Amidst the stifling enormity of Brexit, it seems that important parts of the domestic agenda have been left adrift or to be patched up by ad hoc measures and not substantive legislation. I am glad that domestic violence is not one of those issues, and that the Government have a proper Bill, which I am proud to support. The Prime Minister has announced her formal departure, to take effect on Friday. While she may not have had the chance to pass as much domestically as she might have liked, she can take pride in setting the groundwork for the Bill at the Home Office and pushing it along in No. 10.
I am particularly gladdened that the appalling practice of survivors being cross-examined by their abusers is to be outlawed, which will bring us into line with other common law jurisdictions. The understanding we have of coercive control has been deepened with new research that suggests that the court process itself might enable it—this practice being a good example. I look forward to a further discourse on this important issue and commend the Government for this sensible proposed change to the law.

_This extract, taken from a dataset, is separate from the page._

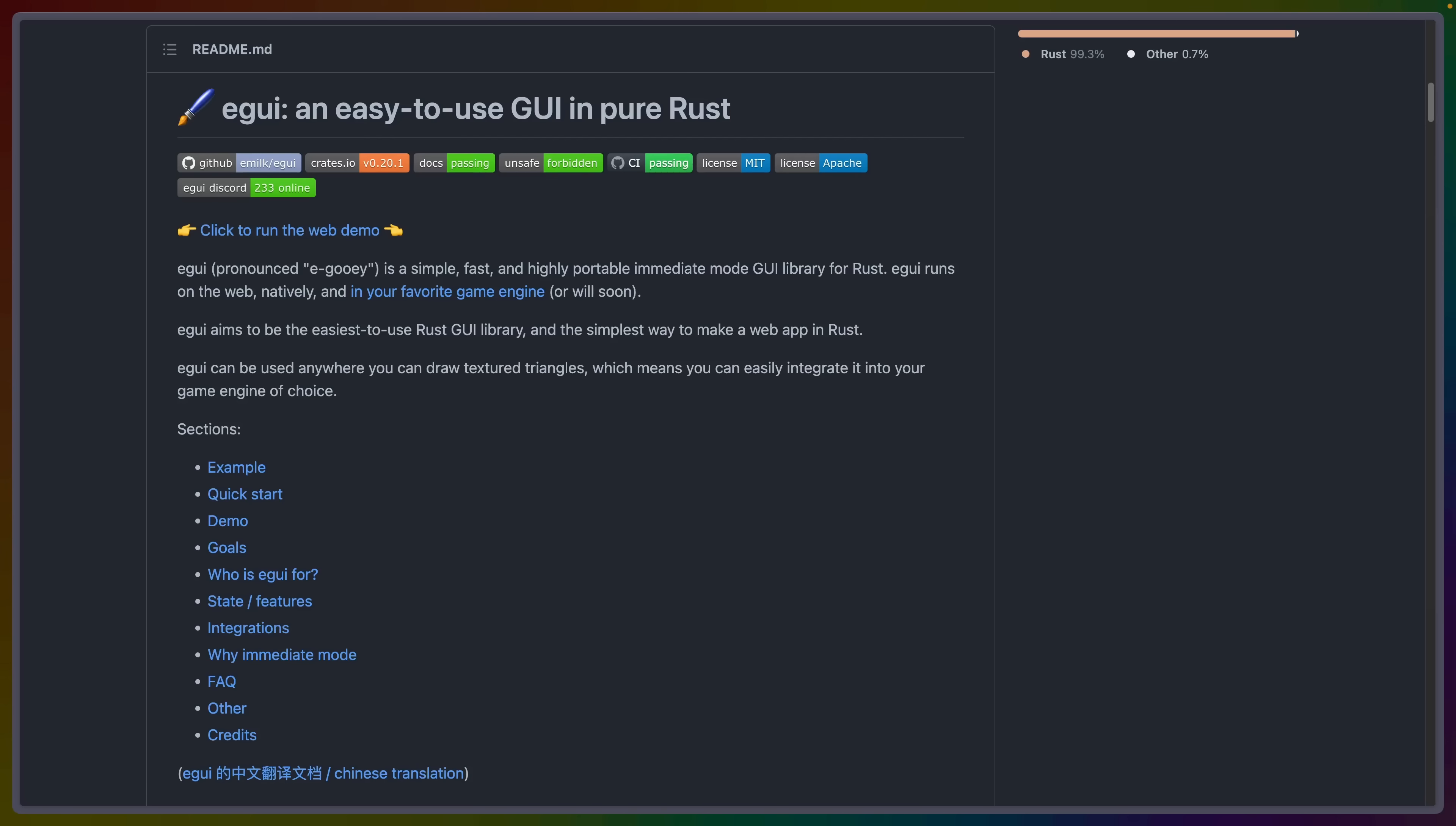I think eGUI might actually be one of the most requested GUI frameworks that comes up. Anytime I talk about something that runs on the web, anytime I deal with something that talks about UI in Bevy, anytime I talk about UI in native applications, someone always comes up with, hey, what about eGUI?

That said, some alterations could be made that would improve the Bill’s impact and ensure fair treatment for those who suffer domestic abuse, wherever they are in the country. In another place, the Member for Sheffield Heeley has drawn on the saddening treatment of a constituent to suggest a sensible alteration, which received cross-party support in a letter to the Lord Chancellor. It is a sad fact that rapists are entitled to seek access to children they father by Section 8 of the Children Act, which entitles the family courts to make contact or residence orders in favour of a natural parent. The paramountcy principle embedded in statutes is powerful, and the discretion afforded to the court is wide. It is appropriate for us as legislators to see if there are public policy reasons to limit the scope of this discretion. I think Members here and in the other place, as well as the general public, would agree that rapists should rarely, if ever, receive rights of parental access.
While such an amendment might seem difficult to include, there are other statutes from which we can draw useful parallels. The Human Fertilisation and Embryology Act, which other Members might recall, excludes donors of gametes and embryos from being automatically included in the category of persons entitled to apply for such orders. As such, applicants have an additional barrier to overcome before the orders can be granted in their favour, and the actual paramountcy test embedded in statute need not be altered or amended.
We have previously combined departmental competencies in single Bills, and the domestic abuse Bill does seem an appropriate vehicle for such a policy, given the interconnectedness of sexual and domestic abuse. With limited parliamentary time for policies that do not relate to Brexit, it seems prudent to consolidate some issues, so that important domestic policies can receive the legislation they deserve.
Will the Minister consider working with the Ministry of Justice to conduct a consultation regarding this important issue, which has already received cross-party support in the other place? Alternatively, will the Minister consider consulting on a separate Bill to remove parental rights from rapists?